The uncles and aunts shifted uncomfortably in their seats. The air of amusement at Blair's humiliation evaporated, replaced by the sour realization of a PR crisis.
Blair's voice went sub-zero. "And more importantly, we are sitting here tonight to discuss my marriage, aren't we?"
She looked down the table at her father, who had paused with his fork halfway to his mouth. "Father, do you want the family of your future son-in-law to open the newspapers and see that his bride's sister is publicly stealing her boyfriend?"

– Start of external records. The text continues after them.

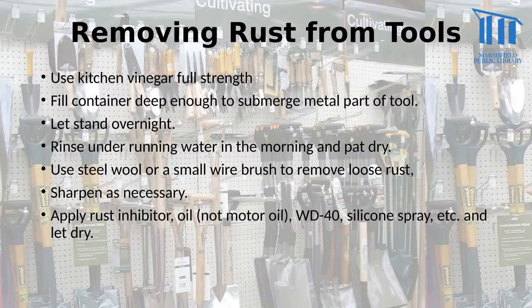For removing rust from tools, use kitchen vinegar at full strength. Fill a container deep enough to submerge the metal part of the tool and let it soak for several hours or overnight. Rinse it under running water and pat dry. If it still has a little rust, use steel wool or a wire brush to remove the rest. After removing rust, tools often need to be sharpened. Then apply a rust inhibitor — a lightweight oil, not motor oil — such as WD-40 or a silicone spray, to coat the metal so it doesn't rust again as easily.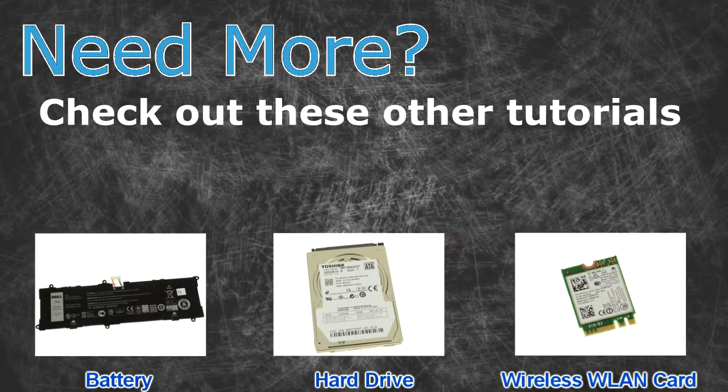Need more? Check out these other tutorials — click here for batteries, click here for hard drives, and click here for wireless cards.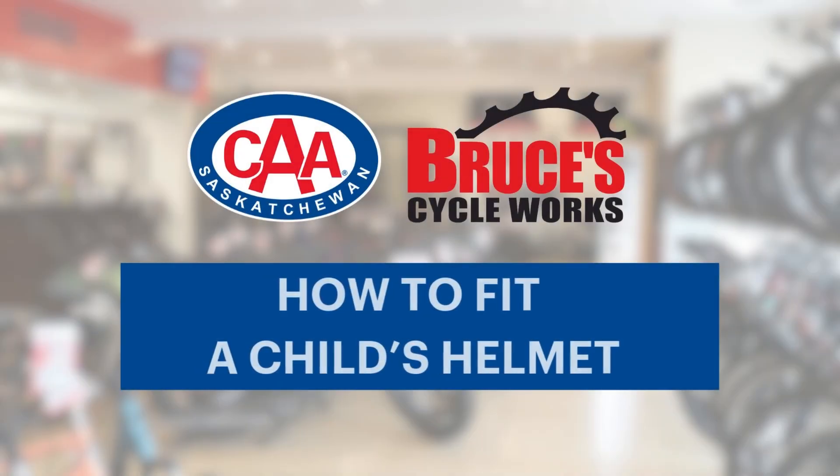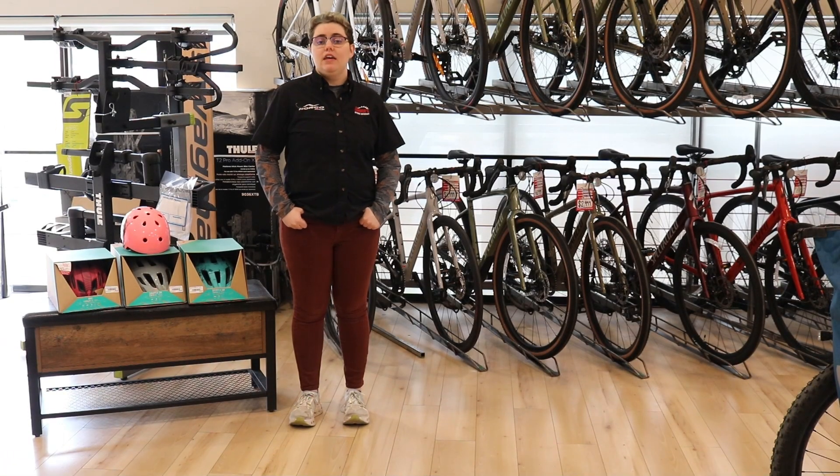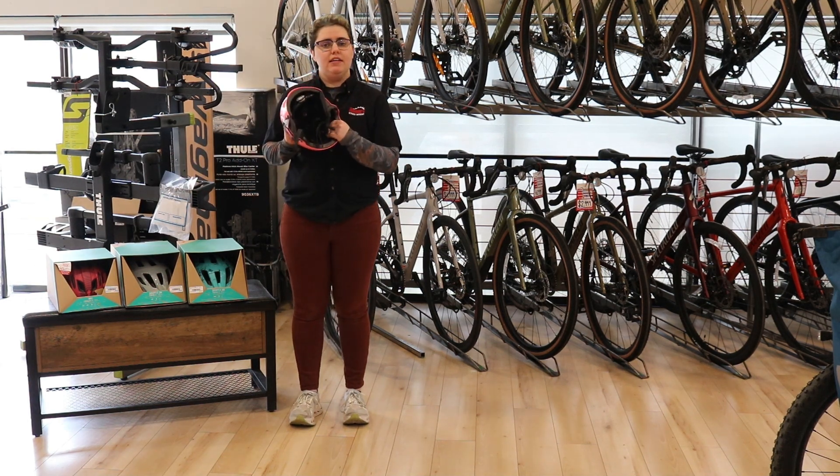Today we're going to talk about how to properly fit a child's bicycle helmet and give you some important before-you-bike safety advice. If you want to check a pre-existing helmet you already own, take a look at it and make sure that the pads on the inside are not damaged or falling off. You also want to check the straps and make sure there are no cuts and tears in them.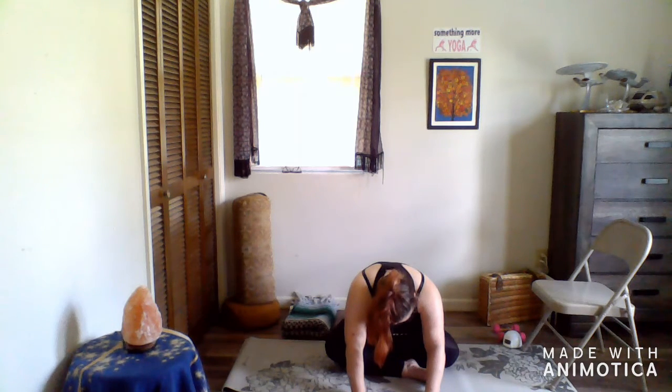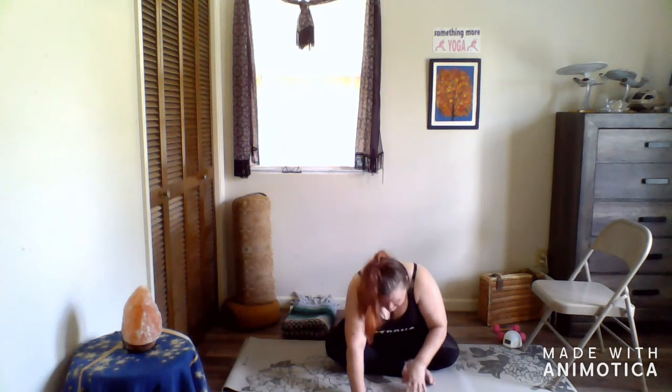Five more breaths. This will be the last breath. Slowly walk your hands back towards your body until you are upright — take a yawn if you need it, there's nothing wrong with it.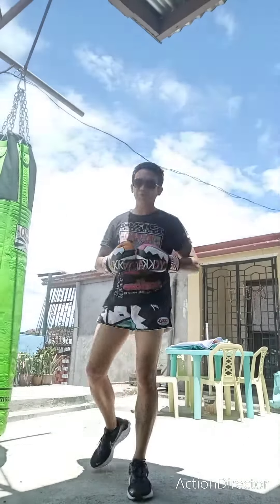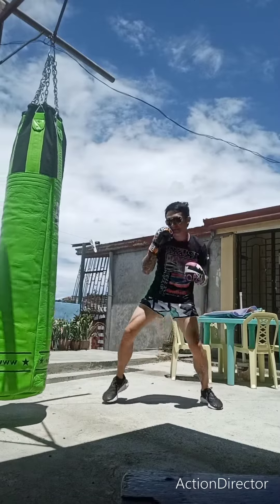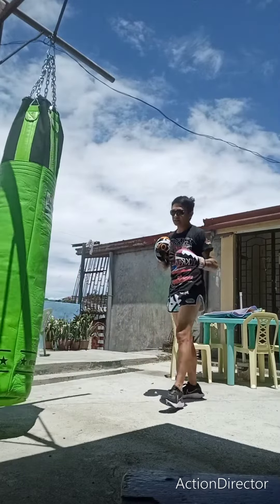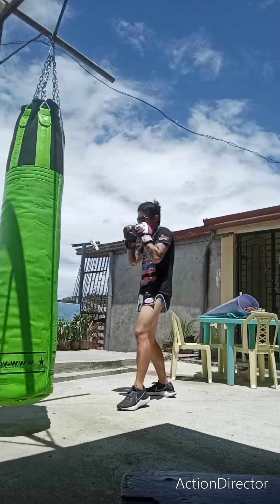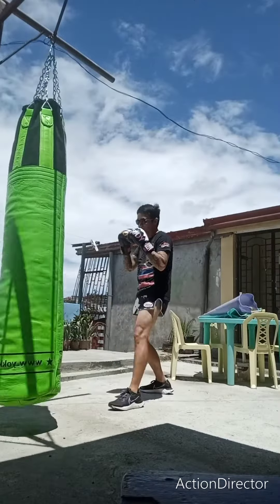Do it in orthodox and southpaw stance. Slip a jab. This is the southpaw stance, orthodox, southpaw stance, overhand, lead hook to the body, step, pad-jab.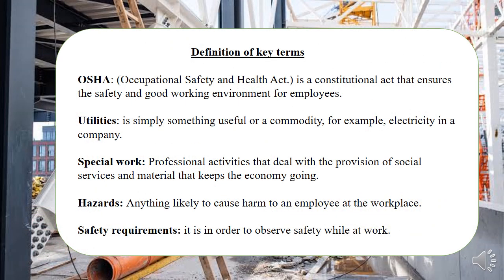Let's take you through the key terms. The first term is OSHA. OSHA is a constitutional act that guides the safety of workers — that's why it stands for Occupational Safety and Health Act. This one cuts across all professions.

The phrase "sister-in-law stealing the boyfriend" was social dynamite. It was vulgar, scandalous, and absolutely toxic to any high-society negotiation.
"Have you calculated how much value this scandal subtracts from the Glover Group at the negotiating table?" Blair asked, her voice echoing in the stunned silence.
Hughie's face turned a dark, mottled red. He hadn't thought about the business angle. He had been too busy enjoying Blair's public embarrassment to see the landmine Kiana had stepped on.
Georgiana, however, was too blinded by rage to see the trap. "You are lying! You're just trying to scare us!"
"I'm not threatening," Blair said, her eyes finally snapping to Georgiana. The coldness in them made the older woman take a step back. "I am stating a fact. A qualified heir knows how to mitigate risk, not create scandals."
It was a double insult. Kiana was a fool, and Georgiana was a failure of a mother for raising her.
Georgiana's mouth opened and closed, her chest heaving, but the logic was airtight. She couldn't refute the business argument in a room full of business people. She looked like she was having a stroke.
Kiana shrank back in her chair, terrified. She had never seen this side of Blair. This wasn't the cold, distant sister; this was a predator.
Blair walked back to her seat, sat down, and took a slow, deliberate sip of her wine. She looked completely unbothered, as if she hadn't just dismantled her sister and mother in front of the entire family.
The room was dead silent. No one dared to breathe. Tristan looked at her, a mix of shock and fierce pride in his eyes.
Then, a voice broke the silence. It was old, dry, and carried the weight of absolute authority.
"Well said."
Every head in the room swiveled toward the far end of the table. Joella Glover, the matriarch, slowly placed her silverware down on her plate. Her eyes, sharp as a hawk's, were fixed on Blair.